# hammertoe correction (multiple)?



## NJcoder (Jun 19, 2009)

Hi,
when coding multiple hammertoe correction would you code 28285 with appropriate modifiers for each toe?
Example:  28285-TA, 28285-T2, 28285-T3??

I'm getting an edit.  Thanks Much!


----------



## mbort (Jun 19, 2009)

the T modifiers "should" technically be enough however I have carriers that do not recognize them, therefore I have to use the 59 modifier as well.

Hope this helps,
Mary, CPC, COSC


----------



## Lisa Bledsoe (Jun 19, 2009)

I agree with Mary.  T modifiers should be adequate.  Is your edit from your payer or your coding software?


----------



## MarciaH (Jun 19, 2009)

When doing multiple toes we use the T modifiers and the modifier -59.


----------



## TammyHF (Jun 21, 2009)

When I submit a multiple hammertoe repair I submit the procedure on one line with multiple units with appropriate T-modifiers.

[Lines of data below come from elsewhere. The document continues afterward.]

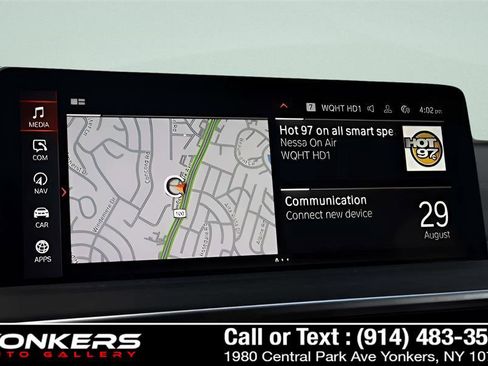 Used 2022 BMW X4 M40i w/ Premium Package image 38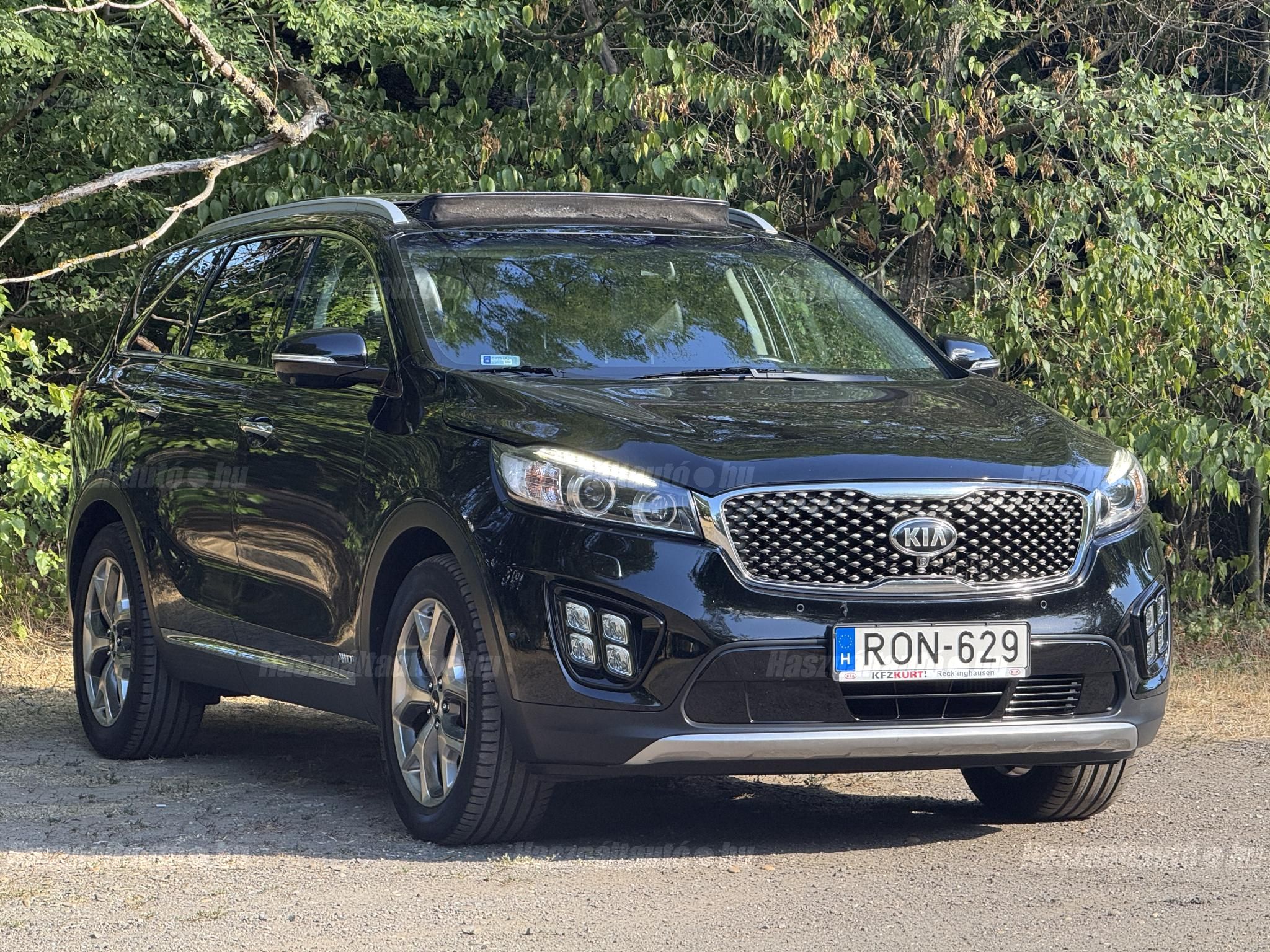 KIA SORENTO 2016/4 - 1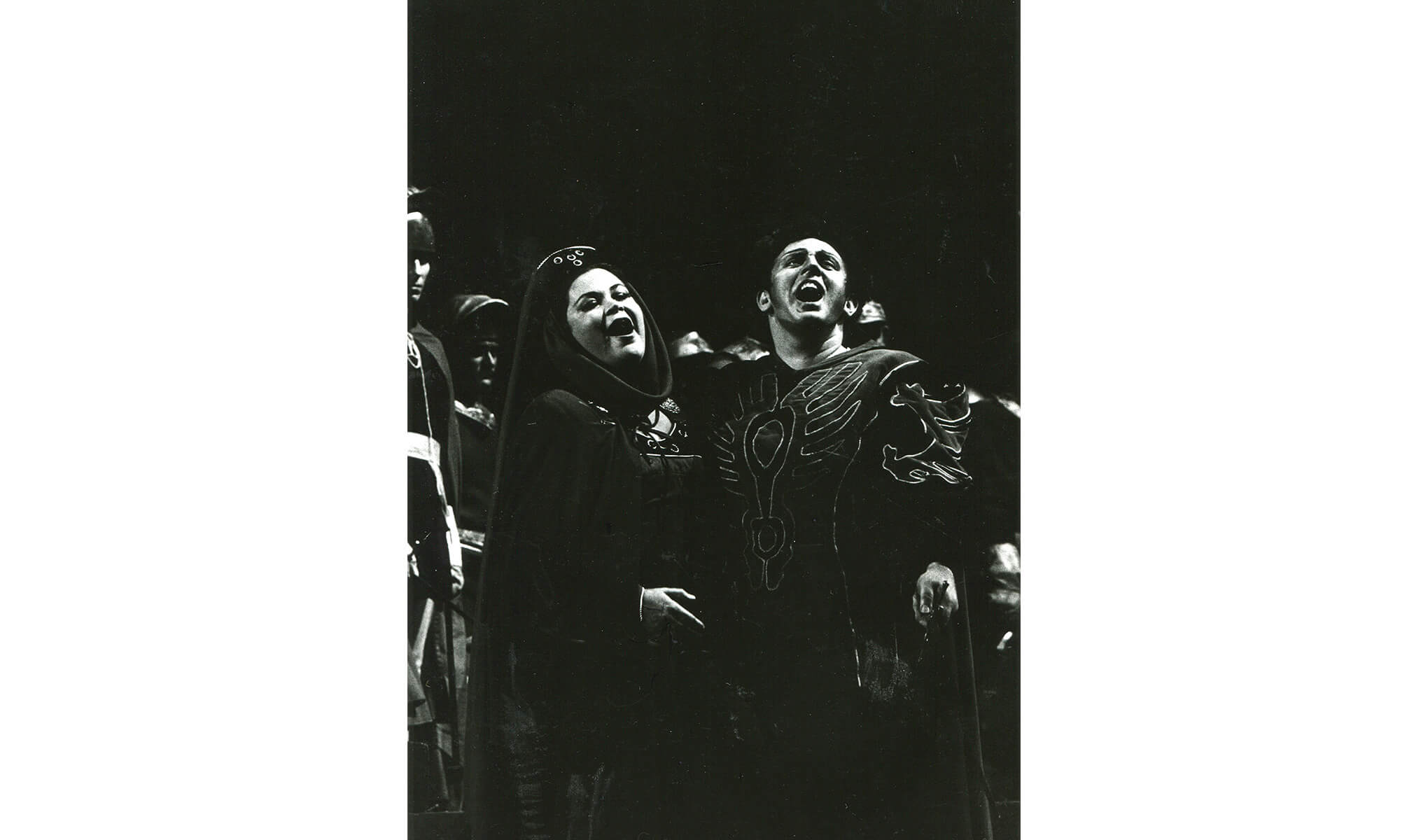 Elinor Ross, San Francisco Opera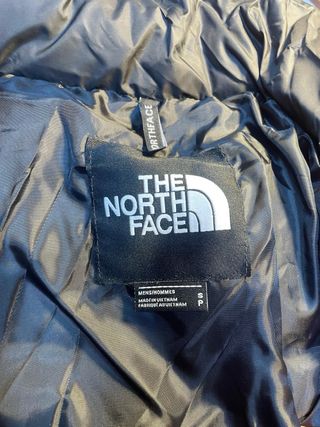 Giacca The North Face nera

When there is more than four hammertoes being done I use the 99 modifier then enter the appropriate T-modifiers on box 19 on the CMS-1500 form. Examples:

28285 x 3 T2, T3, T4

28285 x 5 99 Box  19  T2, T3, T4, T6, T7


----------



## mitchellde (Jun 21, 2009)

T modifiers are anatomic modifiers and you are allowed only one anatomic modifier per line item.  So listing them all on one line with multiple units is not correct.  The reason some of you have problems using these is that these are traditionally used for ASC and outpatient facility billing and only in recent years have they been accepted for the physician bill.  Therefore you may still have some payers on the physician side that have an issue with these.  So chose either the 59 or the T modifiers but not both.
Debra Mitchell, MSPH, CPC-H


----------



## bharathiT (Jan 24, 2019)

*T-Modofiers on singlr line item?*

Left foot: 4th toe:, entire toenail was removed. 
Right Foot: 3rd toe:, entire toenail was removed.  
Procedure :Applied sodium hydroxide for the matrixectomy per standard procedure and then neutralized with acetic acid.  

Can we code 11750 with T3 & T7 on single line item or code 11750 -T3 AND 11750 -51,T7 ?

Kindly clarify this


----------



## sevvie200 (Jun 7, 2019)

bharathiT said:


> *T-Modofiers on singlr line item?*
> 
> Left foot: 4th toe:, entire toenail was removed.
> Right Foot: 3rd toe:, entire toenail was removed.
> ...


We code it on separate lines for each P&A.  We don't use 51 as the T modifiers are enough for our payers, at least so far...


----------